Please give the lines below again exactly as they stand, from the one that contains "POINT BREEZE - Residential" up to and including the one that contains "TOYOTA Corolla Verso 1.8 Linea Sol-image-10", leaving all pictures out.

EXERCISE INPUT =
____
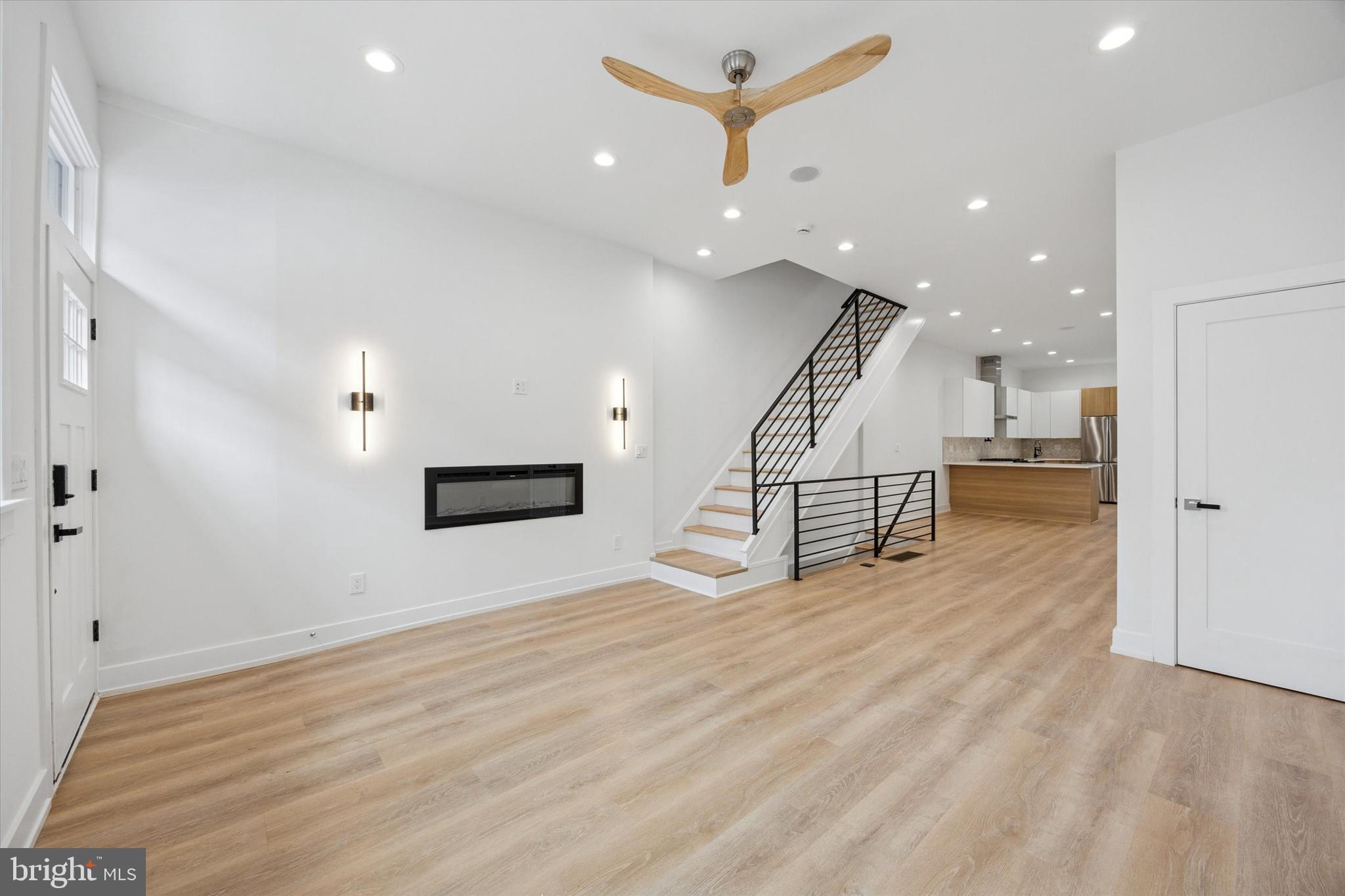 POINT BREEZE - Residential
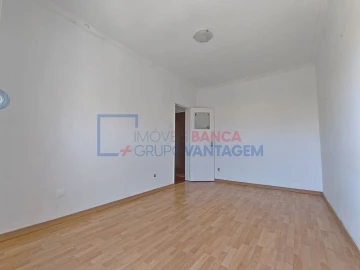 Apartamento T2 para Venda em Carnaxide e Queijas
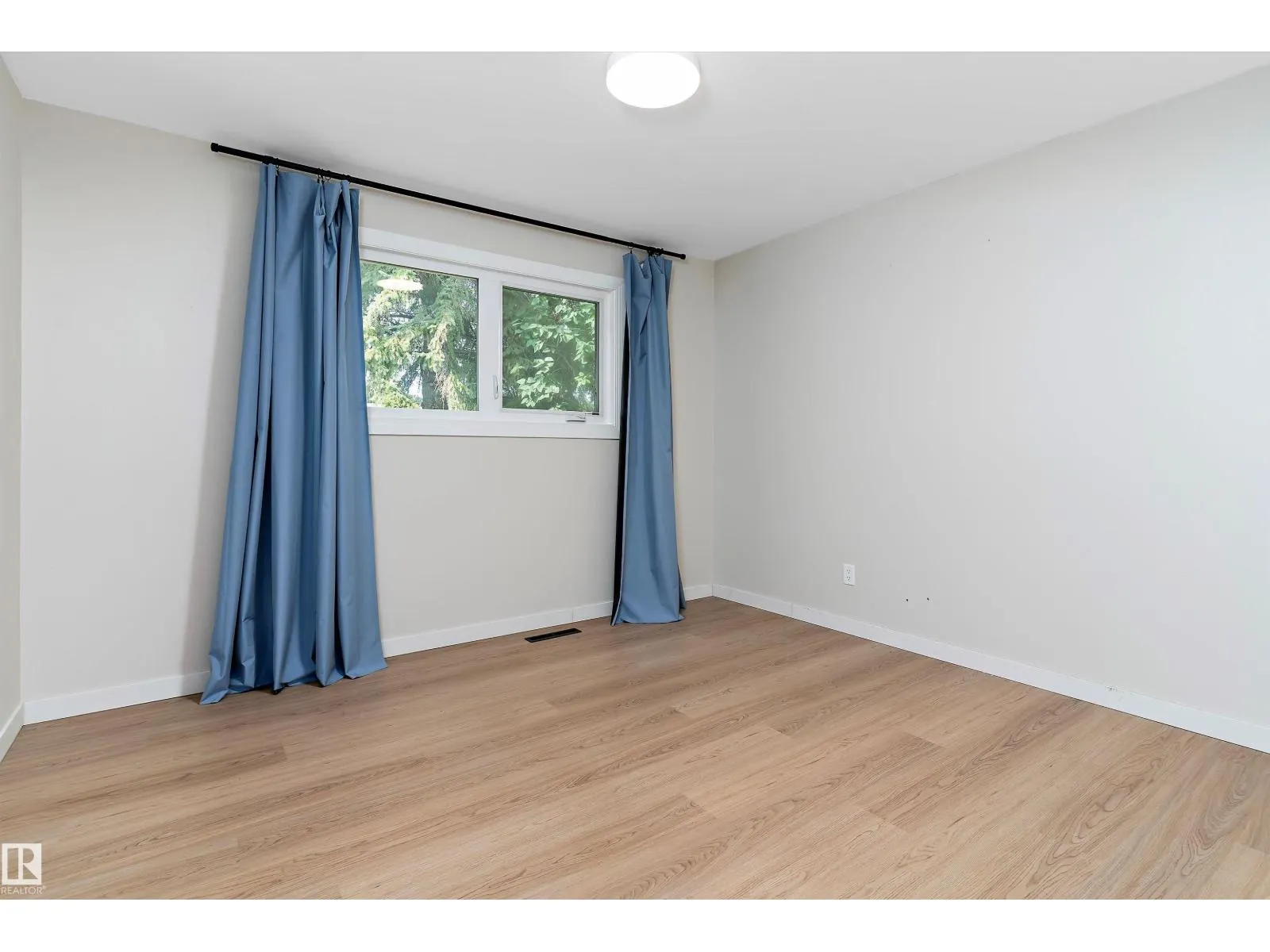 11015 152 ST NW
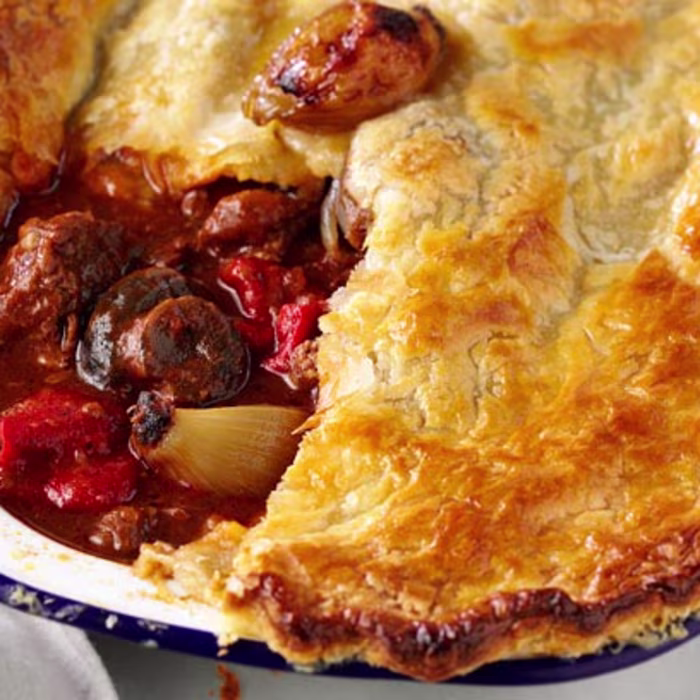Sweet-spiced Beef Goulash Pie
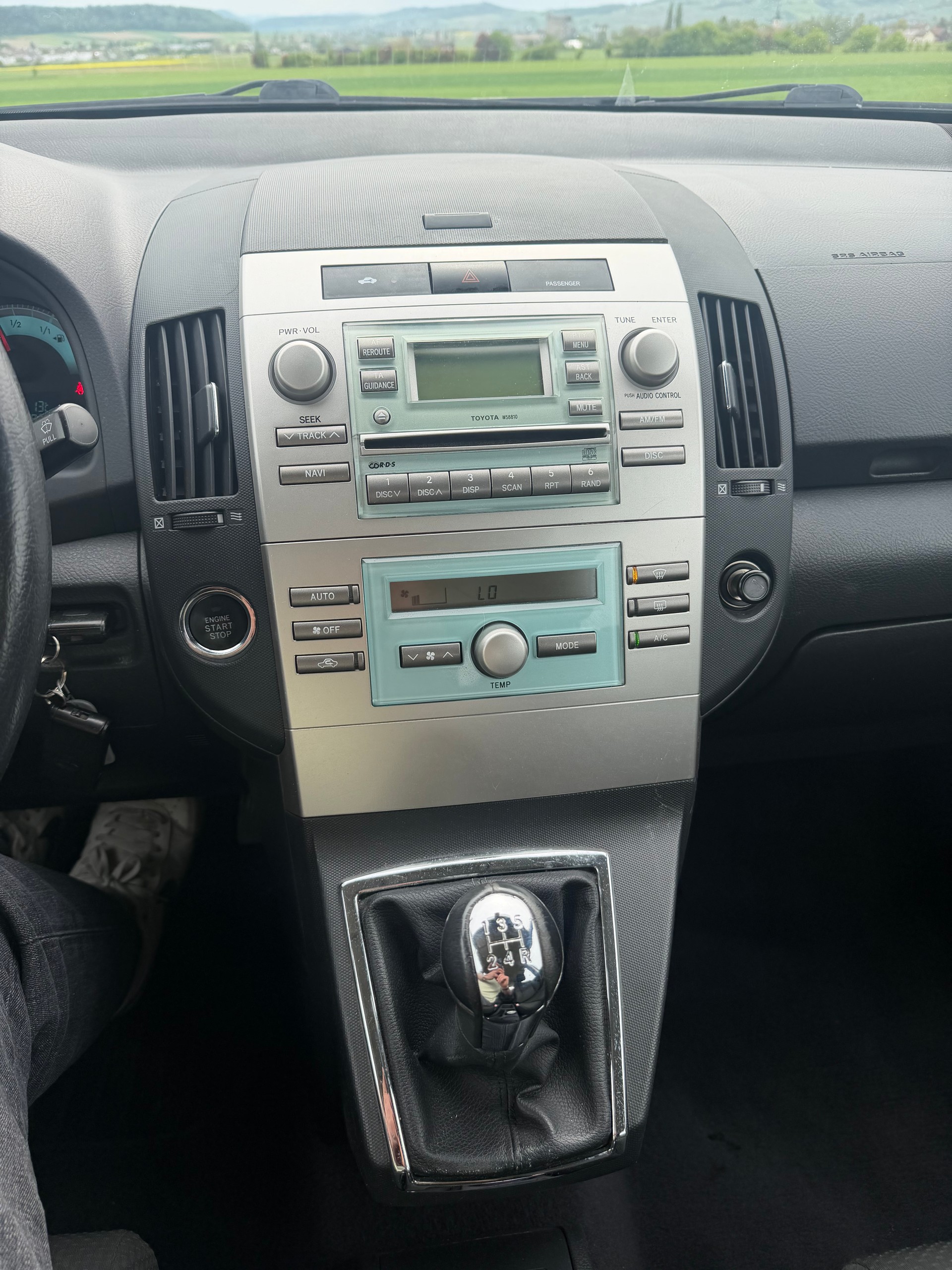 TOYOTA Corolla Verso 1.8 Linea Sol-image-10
____
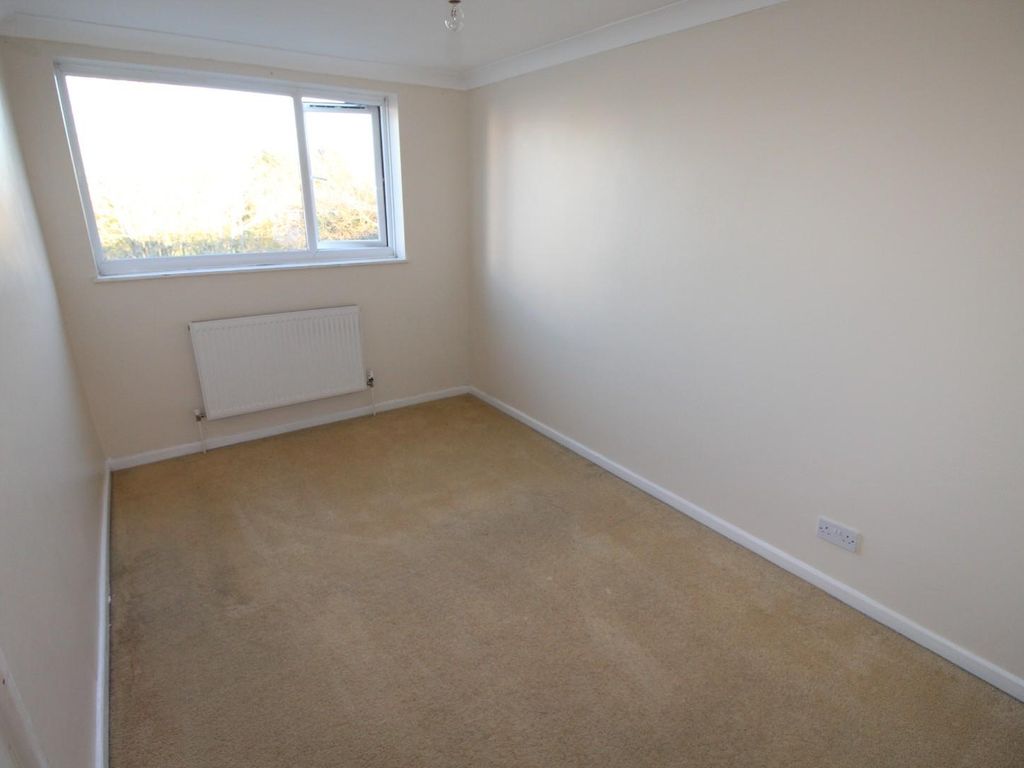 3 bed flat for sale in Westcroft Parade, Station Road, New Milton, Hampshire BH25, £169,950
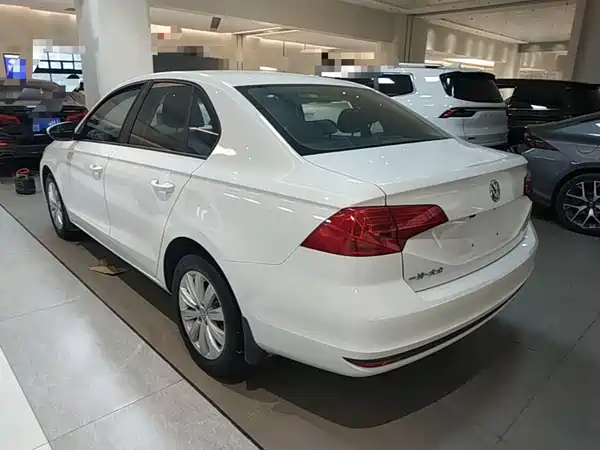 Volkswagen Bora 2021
____
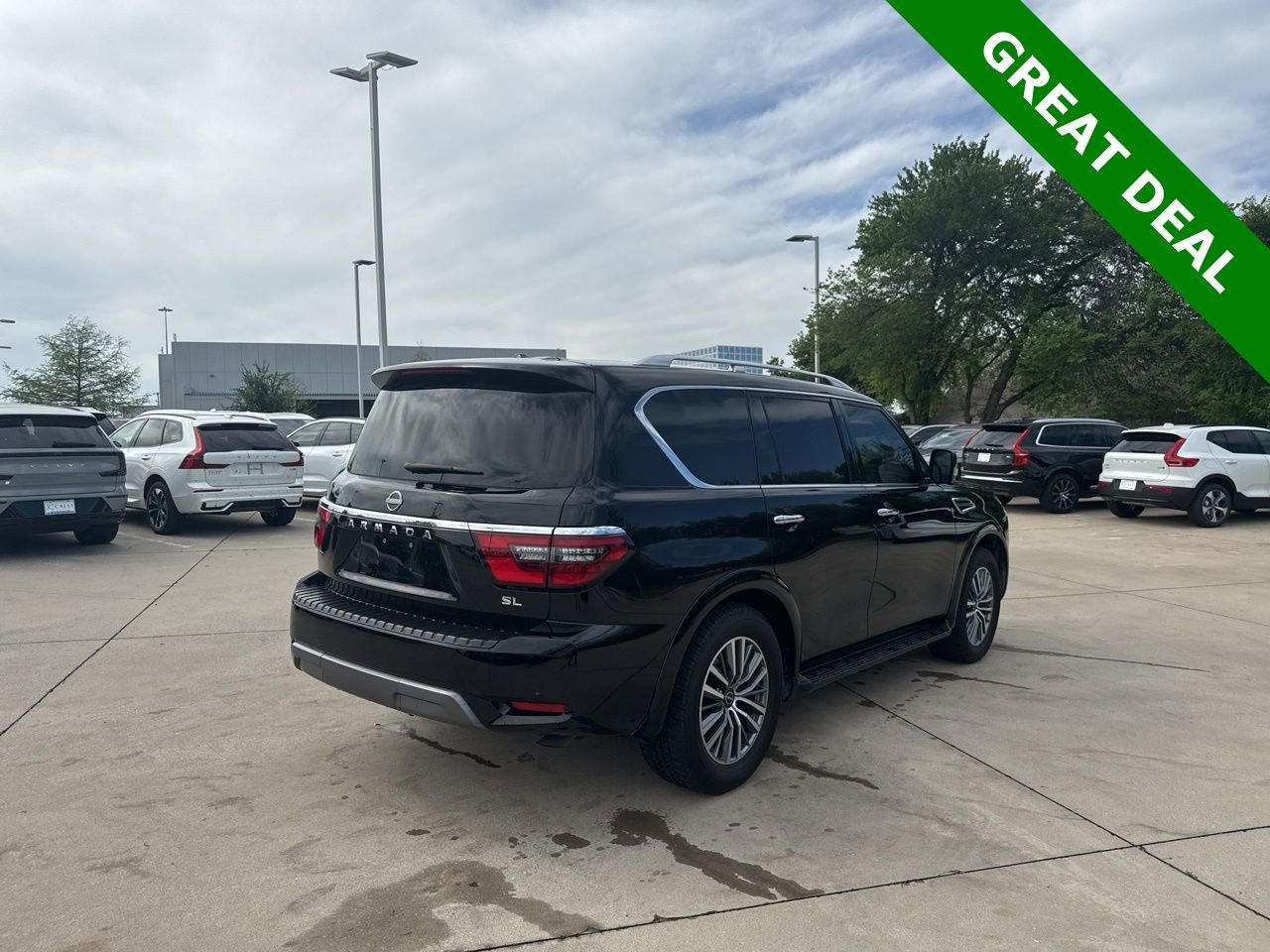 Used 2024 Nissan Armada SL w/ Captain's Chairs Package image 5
____
RESULT OF THE TASK =
 POINT BREEZE - Residential
 Apartamento T2 para Venda em Carnaxide e Queijas
 11015 152 ST NW
Sweet-spiced Beef Goulash Pie
 TOYOTA Corolla Verso 1.8 Linea Sol-image-10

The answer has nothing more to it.